In Search of Video Event Semantics
Supervisor(s) and Committee member(s): Advisor(s): Arnold W.M. Smeulders (promotor), Cees G.M. Snoek (co-promotor).
In this thesis we aim to represent an event in a video using semantic features. We start from a bank of concept detectors for representing events in video.
At first we considered the relevance of concepts to the event inside the video representation. We address the problem of video event classification using a bank of concept detectors. Different from existing work, which simply relies on a bank containing all available detectors, we propose an algorithm that learns from examples what concepts in bank are most informative per event.
Secondly, we concentrated on the accuracy of concept detectors. Different from existing works, which obtain a semantic representation by training concepts over entire video clips, we propose an algorithm that learns a set of relevant frames as the concept prototypes from web video examples, without the need for frame-level annotations, and use them for representing an event video.
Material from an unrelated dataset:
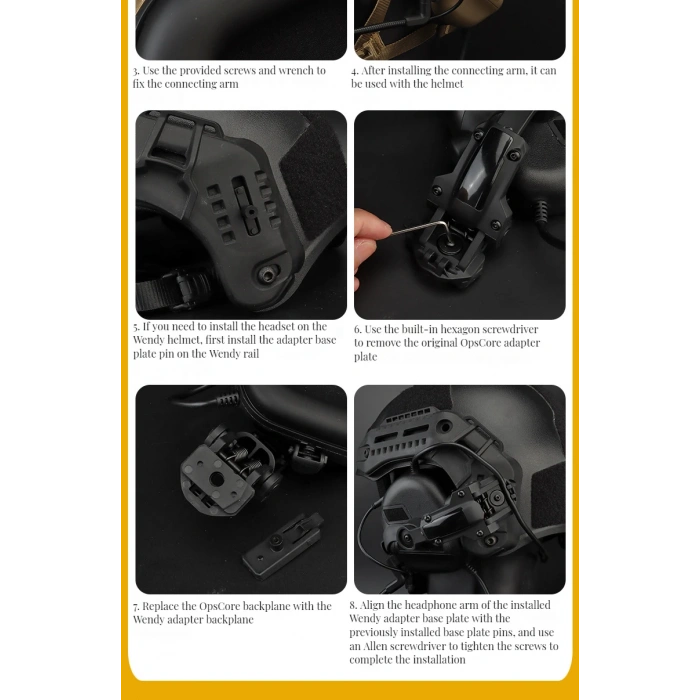 EARMOR-MOD3 KULAKLIK İÇİN KASKA TAKMA BRAKETİ ,KULAKLIK ADAPTÖRÜ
Thirdly, we consider the problem of searching video events with concepts. We aim at querying web videos for events using only a handful of video query examples, where the standard approach learns a ranker from hundreds of examples. We consider a semantic representation, consisting of off-the-shelf concept detectors, to capture the variance in semantic appearance of events.
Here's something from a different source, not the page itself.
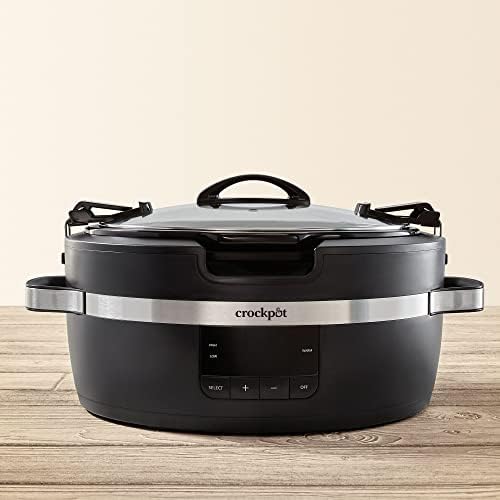 Oval Ceramic Crock-Pot Thermoshield 6 Quart Slow Cooker with Carry Handles S12S - Programmable Slow Cooker with Oval Ceramic Pot Detail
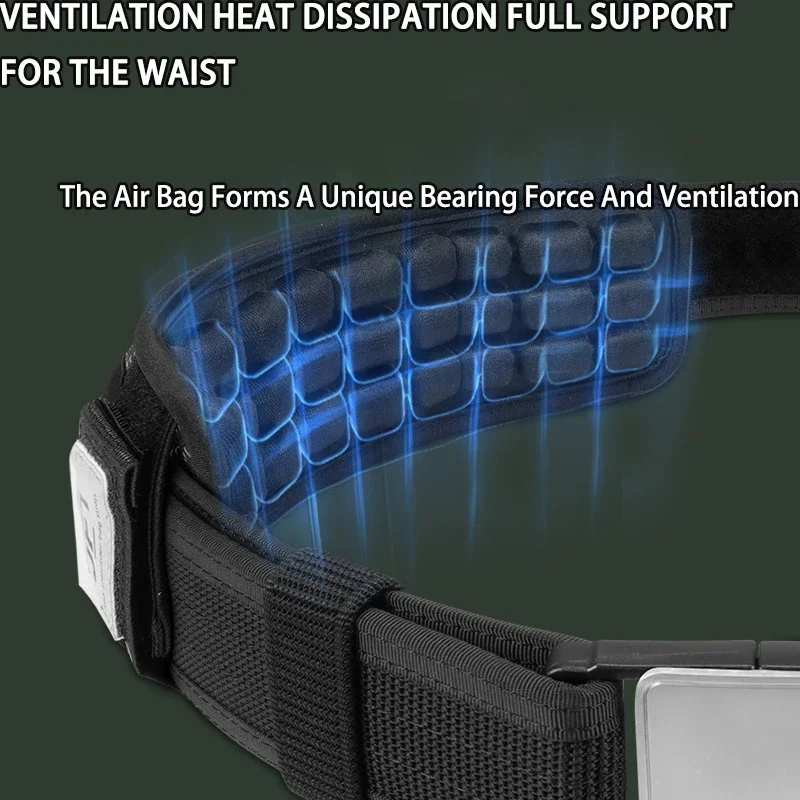 Military Tactical Belts Pad Air Bag Training Lumbar Support Decompression Waist Pad Heat Dissipation Lumbar Pad Accessories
Finally, we consider the problem of video event search without semantic concepts. The prevailing solutions in literature rely on a semantic video representation obtained from thousands of pre-trained concept detectors. Different from them, we propose a new semantic video representation that is based on freely available social tagged videos only, without the need for training any intermediate concept detectors.
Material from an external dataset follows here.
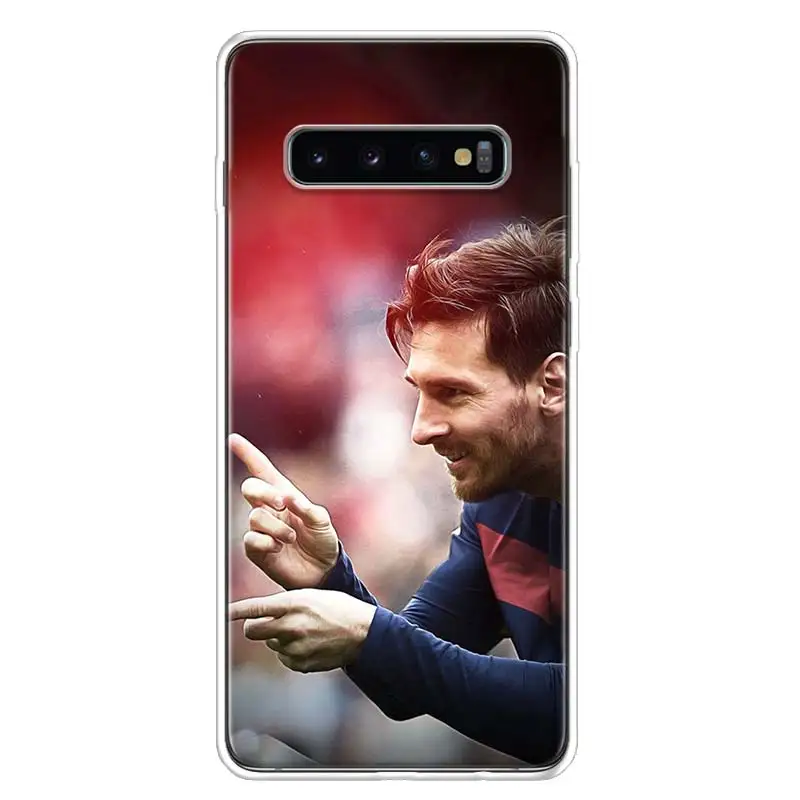 Lionel Messi Cover Phone Case For Samsung Galaxy A10 A20E A30 A40 A50 A70 A50S A80 M30S A6 A7 A8 A9 Plus+ Coque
Intelligent Sensory Information Systems group
The world is full of digital images and videos. In this deluge of visual information, the grand challenge is to unlock its content. This quest is the central research aim of the Intelligent Sensory Information Systems group. We address the complete knowledge chain of image and video retrieval by machine and human. Topics of study are semantic understanding, image and video mining, interactive picture analytics, and scalability. Our research strives for automation that matches human visual cognition, interaction surpassing man and machine intelligence, visualization blending it all in interfaces giving instant insight, and database architectures for extreme sized visual collections. Our research culminates in state-of-the-art image and video search engines which we evaluate in leading benchmarks, often as the best performer, in user studies, and in challenging applications.